I need to show:
Show that for a Hilbert Space $H\neq \{0\}$ there exists a total orthonormal set.
Case 1:$\dim H<\infty $
Let $B=\{b_1,b_2,\dots ,b_n\}$ be a basis of $H$.Since $B$ is a basis so the set $\{b_1,b_2,\dots ,b_n\}$ is linearly independent and hence by Gram-Schmidt process I can create an orthonormal set out of $B$ say $B_1$ such that $\text{span B}=\text{span} B_1=H$
Since $\text{span}(B_1)=H\implies B_1$ is a total orthonormal set of $H$.
Case 2:$\dim H=\infty $.
Can I use the same technique here also like the finite case since Gram-Schmidt process is applicable in infinite dimensional case also.
The problem is it is given that for $\dim H=\infty $ we should break it into two cases like $H$ is separable and not-separable.

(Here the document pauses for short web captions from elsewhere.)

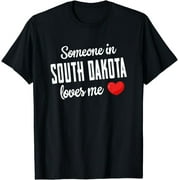 Spread Love from South Dakota: Valentine's Day T-Shirt for Someone Special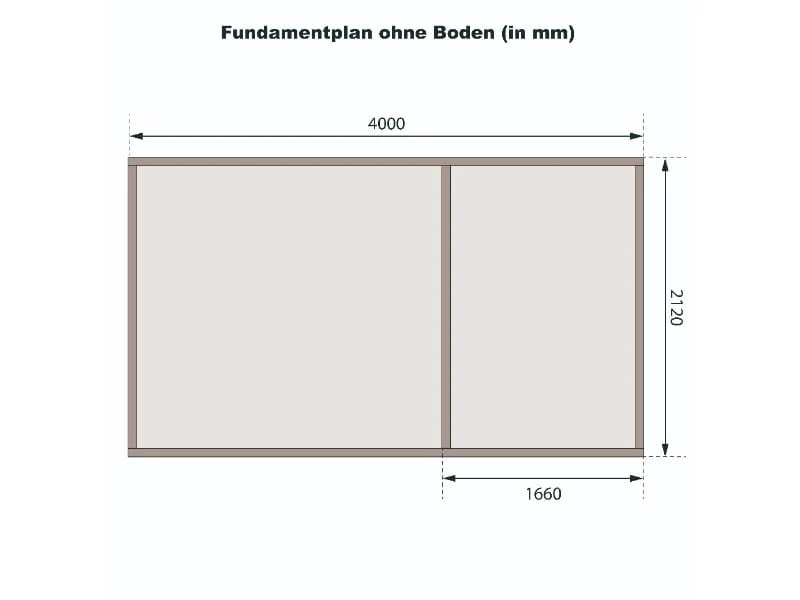 Karibu Systemhaus Mühlentrup 1 terragrau 19 mm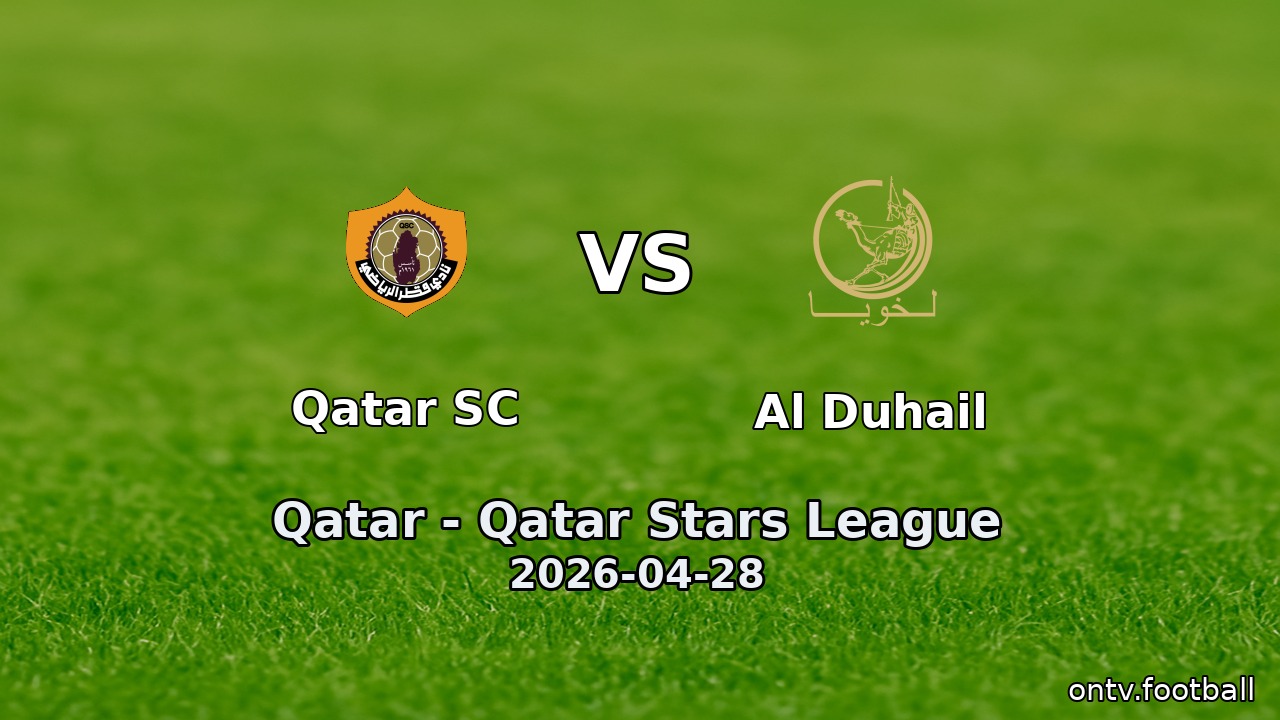 Qatar SC vs Al Duhail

Will someone please tell me why is it needed and if it is so how to do it?
Any help will be appreciated.
No, you cannot use the same proof, because a Hamel basis of an infinite-dimensional Hilbert space is necessarily uncountable.
The best way to prove this is by applying Zorn's lemma to the partially ordered set of all orthonormal sets in $H$ to obtain a maximal orthonormal set, and show that this maximal orthonormal set is total.